[Start of section]

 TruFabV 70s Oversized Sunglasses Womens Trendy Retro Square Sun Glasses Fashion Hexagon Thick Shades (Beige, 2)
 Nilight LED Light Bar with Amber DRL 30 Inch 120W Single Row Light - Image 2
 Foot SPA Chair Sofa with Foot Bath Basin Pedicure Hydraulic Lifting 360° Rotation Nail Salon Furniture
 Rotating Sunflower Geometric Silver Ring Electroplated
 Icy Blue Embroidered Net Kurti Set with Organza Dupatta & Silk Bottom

[End of section]
[Start of section]

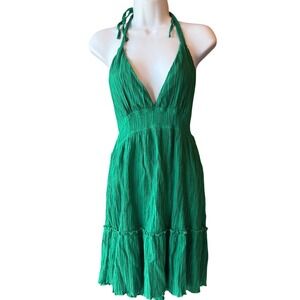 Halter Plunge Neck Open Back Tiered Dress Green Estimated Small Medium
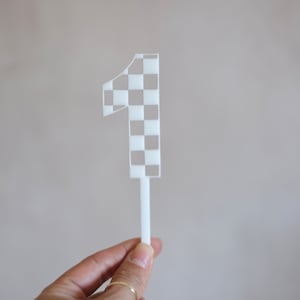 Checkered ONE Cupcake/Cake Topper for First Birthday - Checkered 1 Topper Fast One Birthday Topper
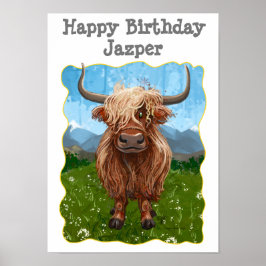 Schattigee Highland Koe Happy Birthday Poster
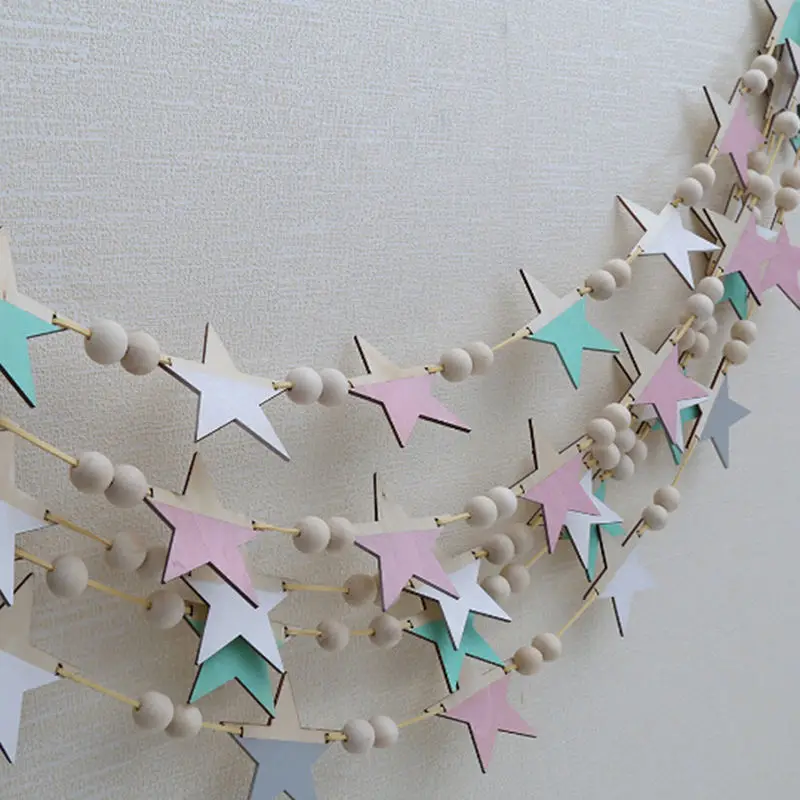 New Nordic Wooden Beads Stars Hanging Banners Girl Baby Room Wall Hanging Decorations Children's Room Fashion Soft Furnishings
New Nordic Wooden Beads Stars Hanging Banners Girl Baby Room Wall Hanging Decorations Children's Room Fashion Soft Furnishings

[End of section]

▶ **TASK TO CARRY OUT**: Look above for the line holding "TruFabV 70s Oversized" and the line holding "Icy Blue Embroidered". Retype both, and every line between them, word for word and nothing else.

▶ **TASK RESULT**:
 TruFabV 70s Oversized Sunglasses Womens Trendy Retro Square Sun Glasses Fashion Hexagon Thick Shades (Beige, 2)
 Nilight LED Light Bar with Amber DRL 30 Inch 120W Single Row Light - Image 2
 Foot SPA Chair Sofa with Foot Bath Basin Pedicure Hydraulic Lifting 360° Rotation Nail Salon Furniture
 Rotating Sunflower Geometric Silver Ring Electroplated
 Icy Blue Embroidered Net Kurti Set with Organza Dupatta & Silk Bottom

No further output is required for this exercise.